More tributes to Michael Crichton
The press is flooded today with tributes to Michael Crichton. Many marvel at the breadth of his accomplishments.
("He has written eight novels, four works of nonfiction – ranging in subject from Jasper Johns to 'electronic life' – and has directed the movies 'Westworld,' 'Coma' and 'The Great Train Robbery.' On top of all that, he graduated Harvard Medical School and, in 1969, was a post-doctoral fellow at the Salk Institute in La Jolla,' " marveled an interviewer writing in the Los Angeles Times.)
That was 16 years ago in 1992 – when Crichton was only 49.

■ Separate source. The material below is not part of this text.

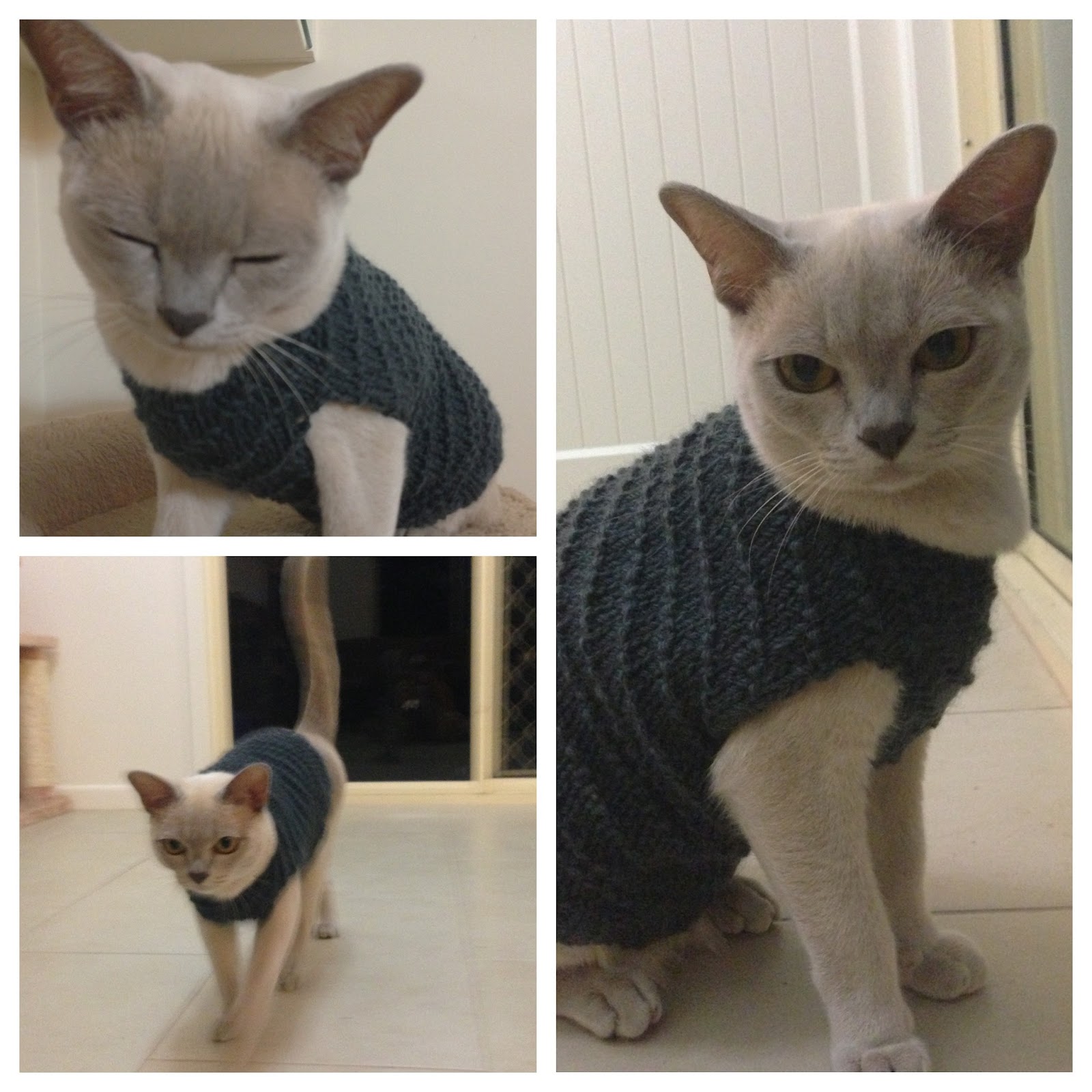 A Flood of Stitches: Crazy knitting projects - The cat jumper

And of course some are critical. "Reviewers often complained that Crichton's characters were wooden, that his ear for dialogue was tin and that his science was suspect. Environmentalists raged against his skeptical views on climate change, first expressed in the 2004 novel "State of Fear" and subsequently in various public forums," notes the International Herald Tribune.
But some of the most memorable involve personal reminiscences. Many who interviewed Crichton in person noted his height (some say 6' 7", others insist he was 6' 9"), his good looks, and his shyness. But others note his deep interest in everything around him – including other people.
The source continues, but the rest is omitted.